At the recent spring meeting sof the International Monetary Fund (IMF) and World Bank, Finance Ministers and central bank Governors by and large played down fears about a slowing global economy. Their optimism was based on the pause in the U.S.’s interest rate policy in February, ease in the country’s trade tensions with China, and receding risk of a hard Brexit.
However, in stark contrast, the IMF has consistently emphasised a cautious stance on the current growth trajectory for some months. As the ultra-low interest rates of the post-crisis years have come to stay in many economies, the IMF has highlighted the limits of monetary policy in a future downturn. Its latest economic forecast cuts the outlook for growth in 2019 to 3.3% from estimates of 3.5% in January and 3.7% in October, when it had cited concerns over trade protectionism and the flight of capital from vulnerable emerging economies.
These projections were echoed by the IMF chief at the U.S. Chamber of Commerce earlier this month. Christine Lagarde said that whereas two years ago, 75% of the global economy experienced an upswing, the expectation this annum is for a slump in 70% of the world economy. Contributing to the overall deceleration is the deteriorating trade climate of the last two years. The pace of exports and imports was 4.6% in 2017, the strongest since the rebound after the 2007-08 financial crisis. But the 2018 figures were a modest 3% and could fall much further this year, says the WTO.
In the U.S., where year-on-year growth touched 2.9%, the fund’s forecast is 2.3% in 2019 — a far cry from the 4% rate in the second quarter last year. The Federal Reserve has also lowered its estimate from 2.3% to 2.1%, a sign possibly of the fading impact of President Donald Trump’s 2017 corporate tax cuts. A more than anticipated fall in recent German imports and exports is said to reflect, among other things, the impact of the trade friction between the U.S. and China and growing uncertainty over Britain’s exit from the European Union.

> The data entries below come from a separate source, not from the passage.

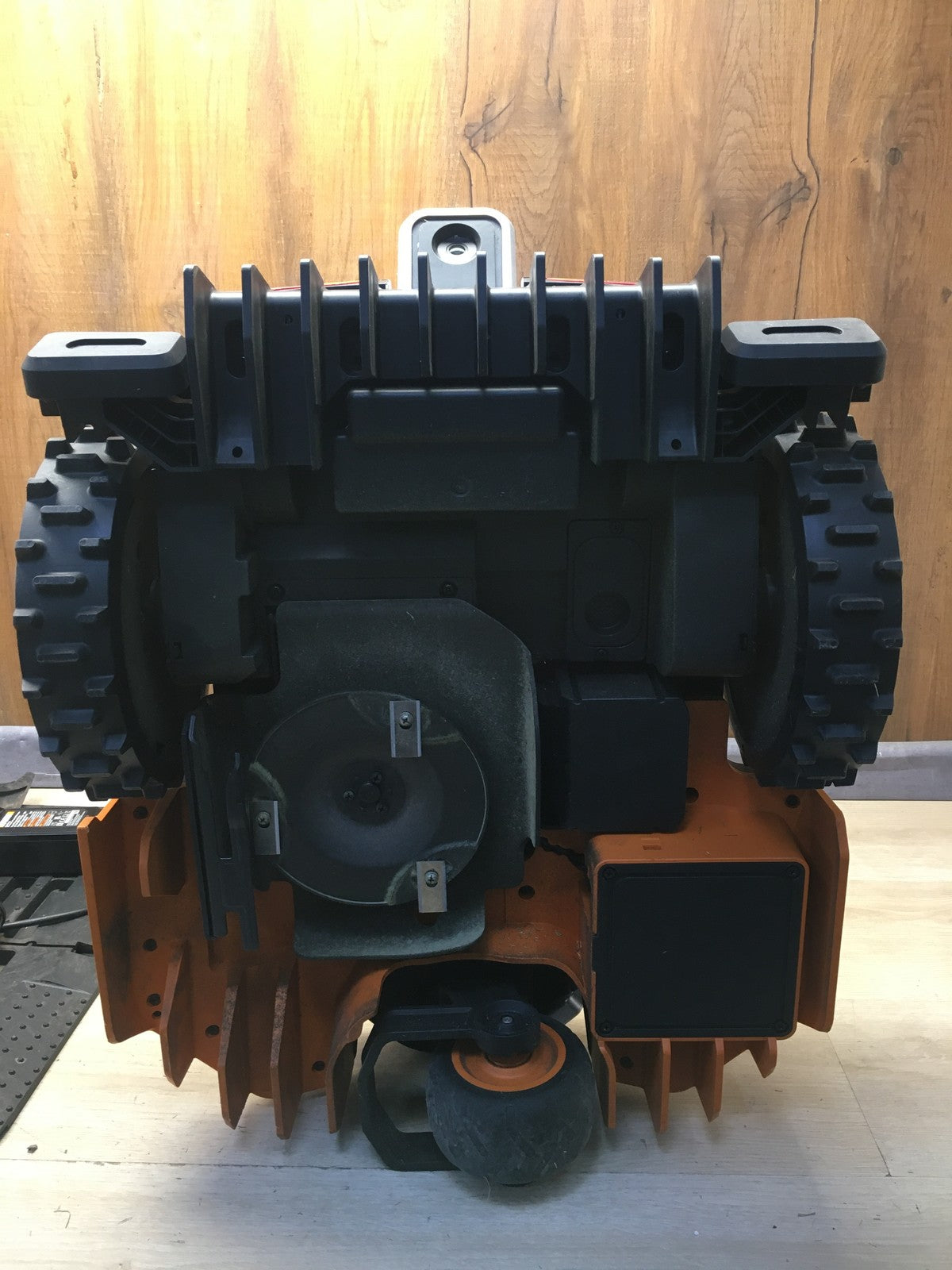 WORX Landroid Vision M600 Mähroboter ohne Begrenzungskabel WR206E.1 I38033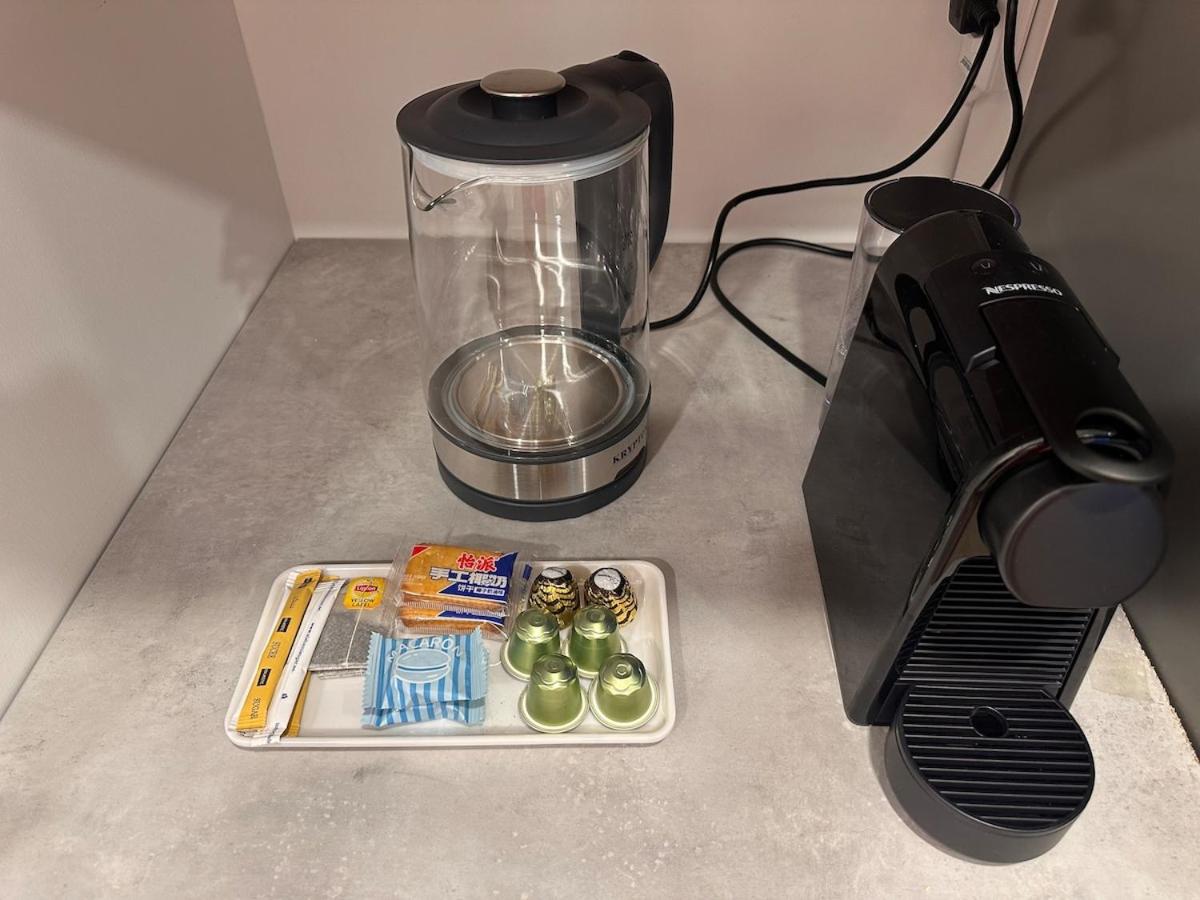 Cozy Studio Apartment - 4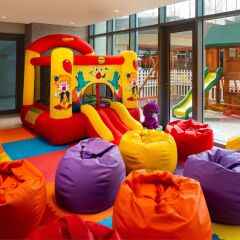 Отель Millennium Atria Business Bay детские мероприятия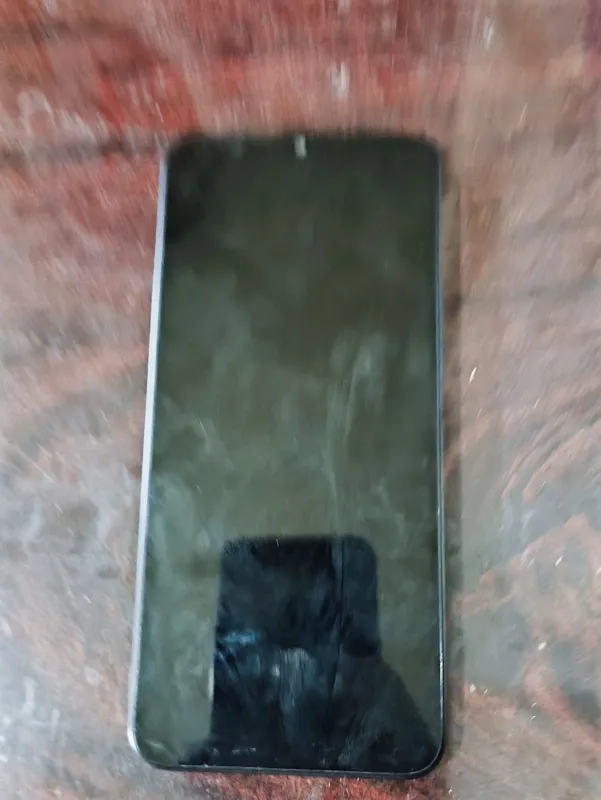 Telefon sotiladi 2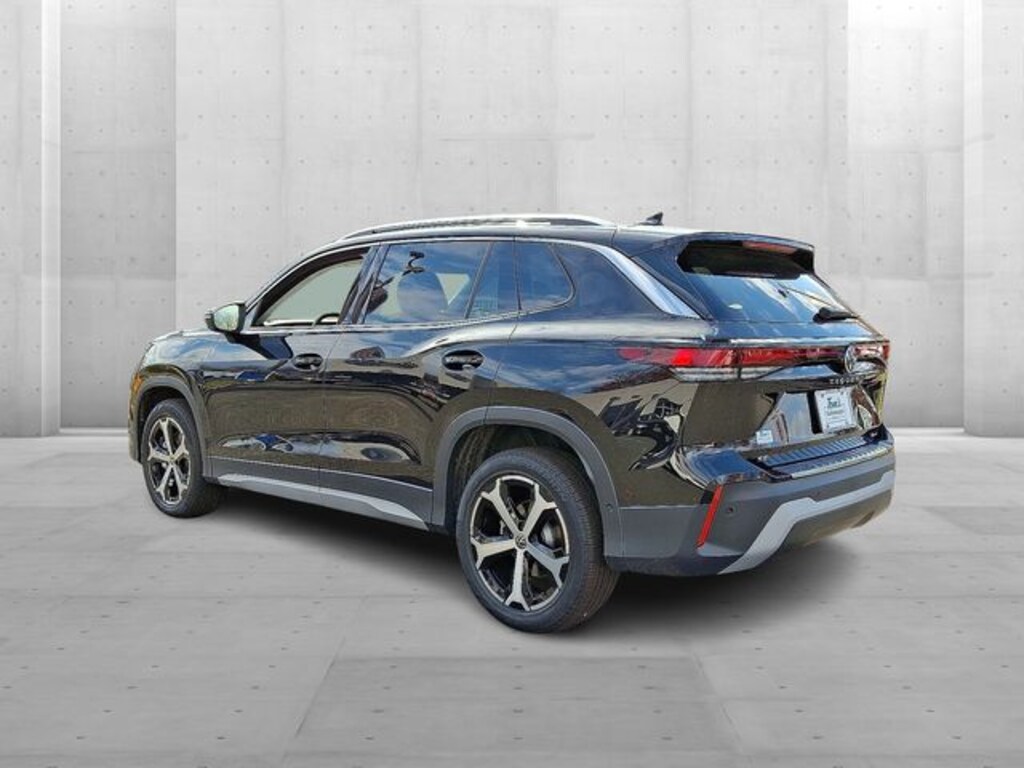 New 2026 Volkswagen Tiguan 2.0T SE SUV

While stopping short of projecting a global recession, the IMF forecasts growth to touch 3.6% in 2020, lower than earlier estimates. That would be underpinned by tepid growth in the advanced world and hopes of a stable Chinese environment. The potential for an acceleration depends on Argentina and Turkey climbing out of a recession, besides a precarious rebound in other emerging and developing economies. During last week’s meeting, the view among Finance Ministers was that the IMF was painting a rather grim picture of the world economy. The hope is that their optimism will be borne out by evidence. Equally, a lasting resolution of the U.S.-China trade dispute would revive momentum in the global economy.